Années 1870: au café Riche, au n° 16, à l’angle de la rue Le Peletier se partage, à cinq, un « dîner des auteurs sifflés » : Flaubert en est pour l’échec de son Candidat, un canevas laissé par son ami Bouilhet qu’il a fini pour le Vaudeville voisin, Zola pour Les Héritiers Rabourdin, Edmond de Goncourt pour Henriette Maréchal, Daudet pour son Arlésienne. « Quant à Tourgueniev, expliquera Daudet, il nous donna sa parole qu’il avait été sifflé en Russie, et, comme c’était très loin, on n’y alla pas voir. »
Dans les premières années 1880, les Impressionnistes s’y retrouvent pour un dîner mensuel, décidé à leur 6e exposition, afin de célébrer les retrouvailles avec Monet, Renoir et Sisley. On y voit parfois Mallarmé.
L’unanimisme sera de courte durée : à leur 8e exposition – il n’y en aura pas d’autre –, qui ouvre le 15 mai 1886 pour un mois à la Maison Dorée, au coin de la rue Laffitte, les trois prodigues ont à nouveau fait sécession, tandis que Degas y a accepté Seurat et Signac, les Pissarro père et fils, en un mot, pour le moins des « Néo ». Le groupe impressionniste finit sur le Boulevard comme il y a commencé.

Odette « n’était pas chez Prévost ; il voulut chercher dans tous les restaurants des boulevards. Pour gagner du temps, pendant qu’il visitait les uns, il envoya dans les autres son cocher Rémi, écrit Proust. Mais le cocher revint lui dire qu’il ne l’avait trouvée nulle part… Swann se fit conduire dans les derniers restaurants… Il ne cachait plus maintenant son agitation, le prix qu’il attachait à cette rencontre et il promit en cas de succès une récompense à son cocher… Il poussa jusqu’à la Maison Dorée, entra deux fois chez Tortoni [Flaubert vantait déjà sa fricassée de poulet froid] et, sans l’avoir vue davantage, venait de ressortir du Café Anglais, marchant à grands pas, l’air hagard, pour rejoindre sa voiture qui l’attendait au coin du boulevard des Italiens, quand il heurta une personne qui venait en sens contraire : c’était Odette ».
Il monte avec elle dans la voiture qu’elle avait, disant à la sienne de suivre. Elle tient à la main un bouquet de catleyas, elle en a dans les cheveux, et dans l’échancrure de son corsage. Après un écart du cheval, qui les a déplacés, Swann se propose de « les enfoncer un peu » de peur qu’elle ne les perde. C’est à compter du moment qui suit que faire l’amour, pour eux, se dira « faire catleya ».

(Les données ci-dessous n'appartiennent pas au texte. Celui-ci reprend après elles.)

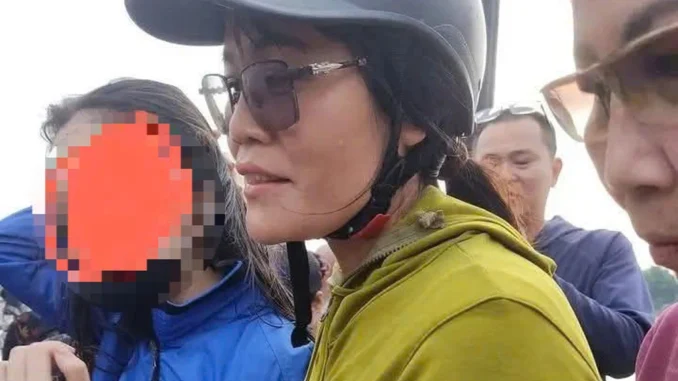 Cô giáo lao xuống sông cứu nữ sinh: “Thức trắng 2 đêm, tôi cố bơi hết sức” Cô giáo lao xuống sông cứu nữ sinh: “Thức trắng 2 đêm, tôi cố bơi hết sức”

7-9 bd Haussmann, marbres du Bistrot romain.

- 4, rue Drouot, PLU : maison 18e siècle, rectifiée sous Louis-Philippe, remarquable balcon en fonte à l’étage noble.
- mairie du 9e, hôtel Aguado. Alexandre Aguado, marquis de Las Marismas, d’origine espagnole, acquiert l’hôtel particulier qui abrite aujourd’hui la Mairie du 9ème arrondissement de Paris, rue Drouot, en 1829, et il en fait sa demeure. Banquier de profession, il s’intéresse à l’art lyrique (il est ami de Rossini et il en assure la fortune par de judicieux placements) et aussi à la peinture. [Il achètera aussi en 1843 la "maison du pont-de-fer" (voir plus loin)]
- 8, rue Drouot, (et 5, Rossini), PLU : maison 18e rectifiée sous Louis-Philippe, remarquable balcon en fer forgé 18e siècle ; porte cochère.

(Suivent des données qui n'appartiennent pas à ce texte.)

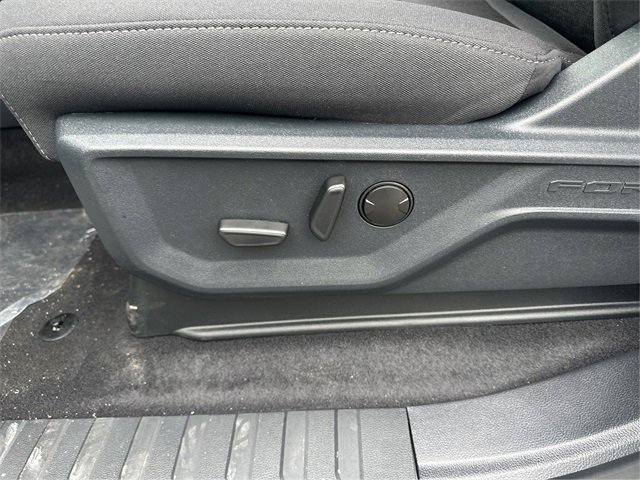 New 2025 Ford F150 XLT w/ Equipment Group 302A MID image 28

Le coude de l’actuelle rue Rossini dessine encore l’angle sud-est de la Grange-Batelière, une ferme anciennement fortifiée, en ordre de « bataille », ce qui, par altérations successives, avait donné « batelière ».
- 3, rue Rossini, PLU : Immeuble de rapport destiné à la haute bourgeoisie datant de 1848-1876. Le style Empire de cet immeuble est donné par la composition régulière des façades en pierre de taille agrémentées d'éléments décoratifs relativement sobres et l'emploi de l'ordre dorique pour le portique et les pilastres des façades ouvertes sur la cour.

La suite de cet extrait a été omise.